Welcome to Craighead Wind Farm
The aim of this website is to provide easy access to the latest information on Craighead Wind Farm, as well as how you can get involved and share your views.
Galileo is proposing a wind farm on land northwest of the hamlet of Carnbo in Kinross-shire, located approximately 6km northwest of Kinross and 7.5km northeast of Dollar.
Comprising 8 turbines, the development is proposed to have a generating capacity of up to 48 megawatts (MW).
At Galileo, we are committed to working with local communities and stakeholders to responsibly develop renewable energy projects that help to deliver Scottish climate change targets and ensure a green and sustainable future for generations to come.

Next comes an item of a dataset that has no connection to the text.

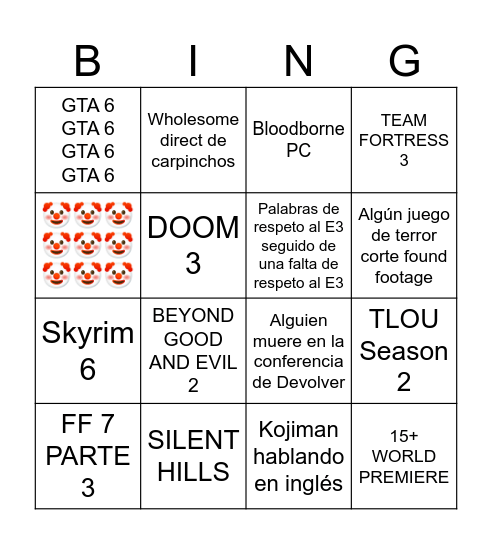 E3 2024 Bingo Card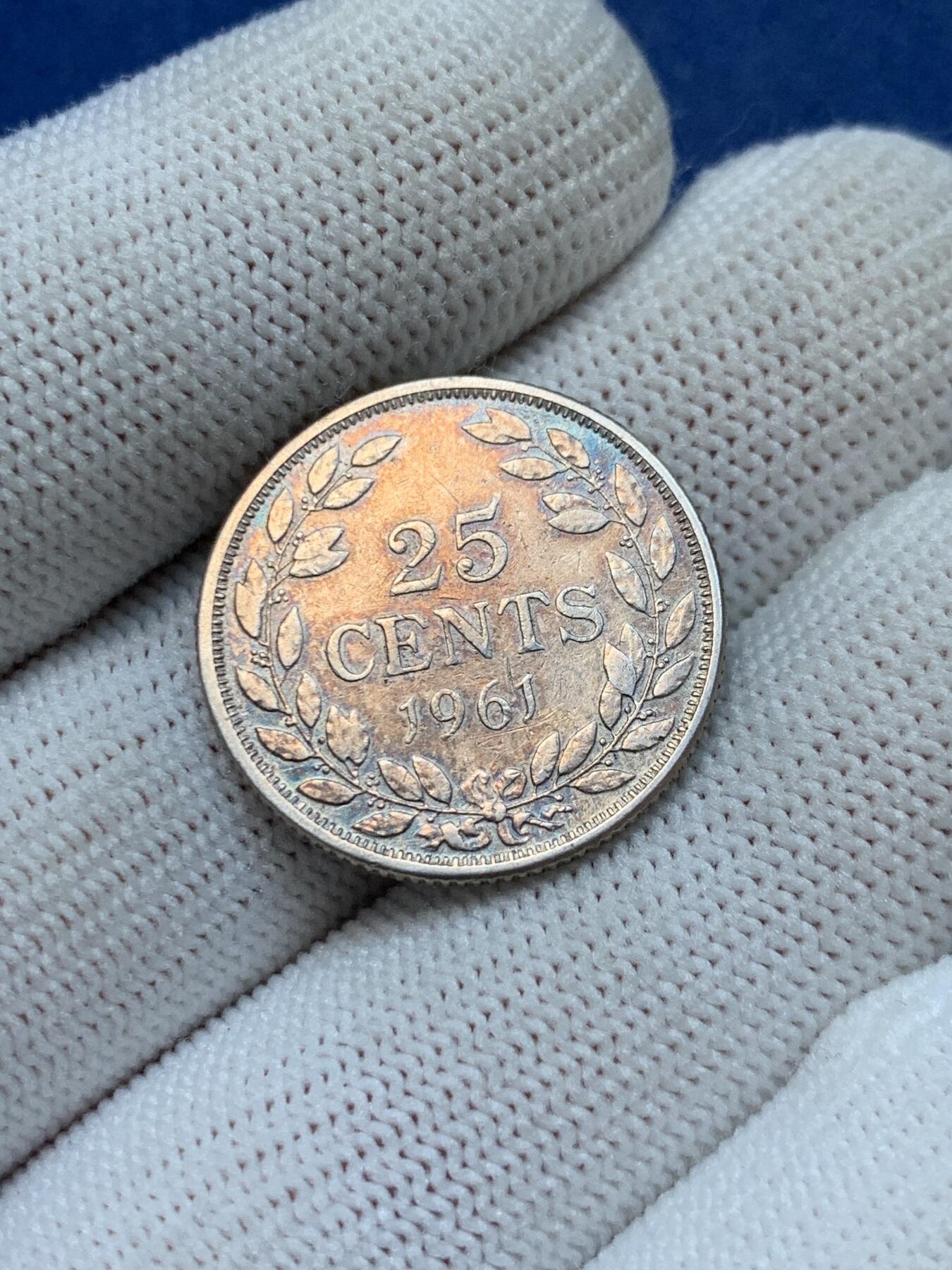 《竞宝斋》第293场- 周日，周一  2场连拍 （全场包邮） 利比里亚1961年25分银币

The Craighead Wind Farm project will make a sizeable contribution to the decarbonisation of our electricity system and reduce greenhouse gas emissions, as well as delivering significant community benefits, including the potential for reductions in electricity bills.
The proposal for Craighead Wind Farm is set against the backdrop of the climate emergency, and the need to transition to renewable energy sources, reducing greenhouse gas emissions from polluting fossil fuels.
It is no understatement to say that man-made climate change is the defining crisis of our time, and it is happening even more quickly than we feared, with major global impacts.
Craighead Wind Farm will play its part in tackling the overall challenge and supporting the delivery of the Scottish Government’s ambitious legally-binding target of net-zero greenhouse gas emissions by 2045.2 It could power the equivalent of up to around 33,600 homes annually with clean, low-cost renewable electricity.3
Replacing polluting fossil fuels, the dominant cause of global warming, the wind farm could save up to around 47,000 tonnes of carbon dioxide emissions annually, supporting our transition to a low-carbon future.4 This is the equivalent of taking up to around 27,900 cars off the road.5
Recent events, such as the war in Ukraine, have also focused people’s minds on the risks of overreliance on imported fossil fuels, with the rising cost of gas driving the huge increase in energy bills, a key cause of the cost-of-living crisis.
Onshore wind is one of the cheapest sources of new-build electricity generation in the UK, and therefore has a key role to play in addressing this crisis.
The growth of secure homegrown renewable energy can also help to insulate Scotland and the rest of the UK from future price shocks, and play a key role in decarbonising heat, power and transport.